In yesterday’s post, “My 7 Favorite Practices for Engineering the Good Life,” I included a curveball of sorts—right at the end. Chase down fear.
While all seven have been game changers, that one claims the pinnacle. The fact is, it’s the hardest one to embrace time and again, but it’s never ceased to move my life forward in very clear, tangible ways. Still, every time I have to talk myself through the same process.… How can I possibly take on something this substantial? What am I thinking? That one’s just too big, too complicated, too ambitious. This time, surely, you’ve overstretched, Sisson.
But in that moment I remind myself that those feelings don’t drive the bus for me. They won’t be the ones doing the work to make a vision happen (they never are). A stronger, bolder, more adept self-concept will be leading the charge. Because that’s what formidable challenges call for. If I want something big, resisting fear will keep me from it every time. If, on the other hand, I can bluntly tell fear, “You’ve met your match,” suddenly the game looks much different.
When we take on a significant health goal, when we’re staring down what it can take to lose 100 pounds or run a half marathon or beat back an autoimmune disorder or start what will be a new life or lifestyle, it can seem like meeting the impossible. A stronger person, a better person, a more disciplined person might do this, we think.
But not a different person, I’d add. It’s simply time to tap a dimension of self that already exists, listening to the inner voice that says with all the daring of an 8-year-old on a dirt bike, it’s go time.
In the moment of gazing down a long, steep trail from those handlebars, you have a choice about how to see yourself. It’s much the same as when you face any challenge—a snarling predator or life and limb emergency, but the choice might feel more automatic then…and for good reason.
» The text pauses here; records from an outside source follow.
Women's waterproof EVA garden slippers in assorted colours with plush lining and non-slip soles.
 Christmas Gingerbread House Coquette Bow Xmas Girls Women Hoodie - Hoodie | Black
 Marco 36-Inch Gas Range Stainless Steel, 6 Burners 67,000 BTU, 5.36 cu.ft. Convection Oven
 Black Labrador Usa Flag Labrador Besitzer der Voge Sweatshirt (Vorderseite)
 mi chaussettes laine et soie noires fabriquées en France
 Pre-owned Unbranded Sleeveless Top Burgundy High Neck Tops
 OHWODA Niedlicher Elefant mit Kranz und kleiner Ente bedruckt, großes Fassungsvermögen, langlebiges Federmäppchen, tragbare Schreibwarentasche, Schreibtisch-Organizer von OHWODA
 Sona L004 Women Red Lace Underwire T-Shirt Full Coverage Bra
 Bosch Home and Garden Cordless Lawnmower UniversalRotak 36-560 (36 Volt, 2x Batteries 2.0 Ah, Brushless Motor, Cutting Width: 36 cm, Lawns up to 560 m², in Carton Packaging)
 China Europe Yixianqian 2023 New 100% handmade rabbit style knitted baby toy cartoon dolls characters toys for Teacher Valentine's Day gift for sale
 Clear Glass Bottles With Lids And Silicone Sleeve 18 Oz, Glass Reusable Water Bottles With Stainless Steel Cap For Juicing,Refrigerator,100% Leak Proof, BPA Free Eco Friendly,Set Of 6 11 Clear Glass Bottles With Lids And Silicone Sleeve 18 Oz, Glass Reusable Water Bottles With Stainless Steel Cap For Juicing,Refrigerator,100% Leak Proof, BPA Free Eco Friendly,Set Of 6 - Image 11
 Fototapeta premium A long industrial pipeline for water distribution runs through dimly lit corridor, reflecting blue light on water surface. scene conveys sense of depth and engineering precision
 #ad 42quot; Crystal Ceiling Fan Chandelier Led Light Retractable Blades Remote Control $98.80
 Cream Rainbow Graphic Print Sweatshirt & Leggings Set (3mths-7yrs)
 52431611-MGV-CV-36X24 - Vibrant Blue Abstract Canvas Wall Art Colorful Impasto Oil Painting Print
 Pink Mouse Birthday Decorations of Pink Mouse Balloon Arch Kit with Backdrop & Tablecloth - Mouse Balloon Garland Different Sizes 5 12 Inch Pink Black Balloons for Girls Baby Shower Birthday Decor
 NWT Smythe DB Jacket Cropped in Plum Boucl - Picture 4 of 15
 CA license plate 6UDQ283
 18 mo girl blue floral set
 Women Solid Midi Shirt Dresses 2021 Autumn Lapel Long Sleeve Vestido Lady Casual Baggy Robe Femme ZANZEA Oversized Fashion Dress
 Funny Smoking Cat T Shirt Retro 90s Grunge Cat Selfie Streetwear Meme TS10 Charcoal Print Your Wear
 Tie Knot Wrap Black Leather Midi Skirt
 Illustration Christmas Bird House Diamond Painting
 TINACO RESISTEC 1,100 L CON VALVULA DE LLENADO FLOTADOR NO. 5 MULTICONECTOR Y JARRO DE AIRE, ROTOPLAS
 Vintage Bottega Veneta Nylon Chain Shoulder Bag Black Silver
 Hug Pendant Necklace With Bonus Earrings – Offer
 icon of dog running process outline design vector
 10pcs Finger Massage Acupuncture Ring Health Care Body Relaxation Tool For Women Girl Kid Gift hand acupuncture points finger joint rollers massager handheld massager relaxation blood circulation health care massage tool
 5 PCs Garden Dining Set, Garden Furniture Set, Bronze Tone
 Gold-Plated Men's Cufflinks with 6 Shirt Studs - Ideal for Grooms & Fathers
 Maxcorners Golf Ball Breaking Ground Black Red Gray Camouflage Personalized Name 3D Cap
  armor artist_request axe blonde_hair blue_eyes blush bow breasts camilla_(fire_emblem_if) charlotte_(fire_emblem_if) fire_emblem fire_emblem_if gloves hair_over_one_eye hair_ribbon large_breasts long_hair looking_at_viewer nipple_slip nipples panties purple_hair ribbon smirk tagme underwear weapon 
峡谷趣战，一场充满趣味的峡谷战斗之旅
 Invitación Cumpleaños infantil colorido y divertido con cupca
Researchers have identified something called the “self-enhancement bias,” a pattern in the human psyche that naturally moves the needle of our self valuation toward the positive. It describes a range of behaviors that sway our confidence contrary to what an empirical assessment might suggest about our present abilities or willingness.
And its evolutionary logic moves us. We feel emboldened to take a bigger risk, a greater chance than we might otherwise take if we sat in front of a pro and con list. Greater risk could mean greater danger, but it could also mean greater benefit. Audacity only had to help just enough to be adaptive, and the social (and mating) status advantage would’ve been an undeniably powerful factor in the cost-benefit analysis—not necessarily to the individual in the moment but to the overall evolutionary picture. (PDF)
Of course, the ethics of small band society and the ultimate threat of death or dismemberment likely kept this instinct in check. Bravado is different than confidence, and bravery looks decidedly different than foolhardiness. I’ll admit it’s an urge we need to use carefully and consciously.
Still, I think there’s something essential here that often gets missed. It’s easy to spend so much time focused on the negative self-talk—the social, cultural and familial layers of baggage some of us carry—that we lose sight of what’s innate in us, the power that exists untapped.
What if we could get quiet enough to let that old, gutsy instinct rise to the surface? What if we could learn to listen to its message, feel its energy? Trust that it courses through us, too? What if we could imagine that this instinct can move us beyond the limitations of what has been true for us in the past? What if we could get out of the way and let it do the work of enhancing our own self-efficacy? What if we could retrieve the emboldened self, believe it, and put it in the driver’s seat toward our goals?
I’m not saying that substantial change doesn’t depend on the regular practice of sensical tactics, scientifically rooted strategy. We want a new life, we have to live new details. But as I mentioned above, we may also need to live out of a new belief—and a lot more nerve.
Can we harness this peripheral primal tendency? If we feel too distanced from it by the sediment of experience, can we reconnect with it—to see ourselves in a bigger way, a broader story? It may just be that reclaiming this drive will be what cracks the parameters that have unnecessarily defined us and what we feel is possible.
Thanks for reading, everybody. Have a good end to the week.